W bawarskiej (Niemcy) fabryce BMW ruszyły linie produkcyjne BMW i5. Elektryczna limuzyna, konkurencja dla Tesli Model S, jest trzecim autem elektrycznym, które wyjeżdża z fabryki w Dingolfing po BMW iX i BMW i7. Firma zakłada, że w przyszłym roku zakład opuści ponad 300 000 samochodów, należy wszak zaznaczyć, że powstają tam też spalinowe warianty BMW serii 7 i 5, w tym hybrydy plug-in (PHICE).
BMW i5 coraz bliżej klientów
BMW i5 jest jedną z ikon niemieckiej marki, ale przełomu na rynku raczej nie wywoła, bo rynek aut segmentu E nie jest szczególnie duży. Tym niemniej decyzja BMW powinna cieszyć tych, którzy przez całe lata wzbraniali się przed zakupem Modelu S, bo zależało im na wsparciu swojego ulubionego producenta. Start sprzedaży zaplanowano na 21 października, pierwsze samochody powinny trafić do swoich nowych właścicieli przed końcem roku.

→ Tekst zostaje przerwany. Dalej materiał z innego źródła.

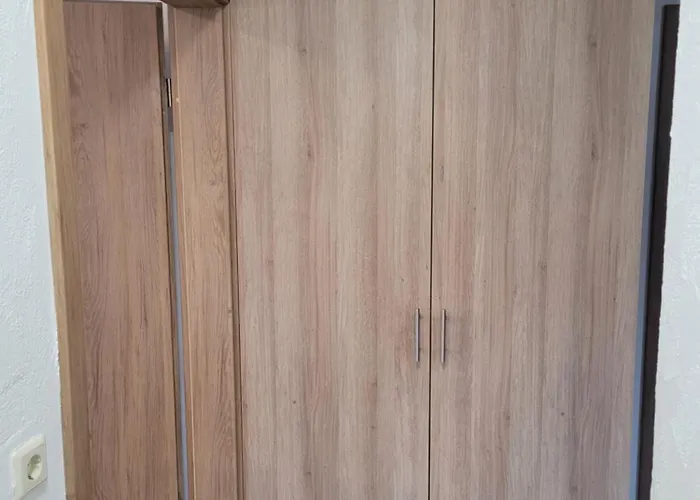 Gaestehaus Rana ベッド・アンド・ブレックファスト 3*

Pierwszym samochodem, który wyjechał z fabryki w Dingolfing dokładnie 50 lat temu było BMW serii 5, konkretniej: BMW 520i. Producent chwali się, że zakład zatrudnia ponad 18 000 osób, których roczne pensje wynoszą w sumie ponad 1 miliard euro (źródło), co daje równowartość 20 500 złotych średniego miesięcznego wynagrodzenia brutto. To interesujący komunikat, brzmi, jakby BMW przypominało „Popatrzcie, dajemy zarobić Europejczykom, nie to co te chińskie marki czy nawet Tesla”.
Aktualnie BMW i5 dostępne jest w dwóch wariantach, BMW i5 eDrive40 oraz i5 M60 xDrive. Pierwszy ma napęd na tył, 250 kW/340 KM mocy, przyspiesza do 100 km/h w 6 sekund i dysponuje baterią o pojemności 83,9 (81,2) kWh. Drugi ma tę samą baterię, ale napęd na obie osie, 442 kW/601 KM mocy i osiąga 100 km/h w 3,8 sekundy. Cena BMW i5 eDrive 40 zaczyna się od 345 000 złotych, M60 to już wydatek od 500 000 złotych. Konfiguratory obu wariantów są TUTAJ.
Docelowo w ofercie ma się pojawić też wariant Touring, czyli elektryczne kombi. Jego cena nie jest znana.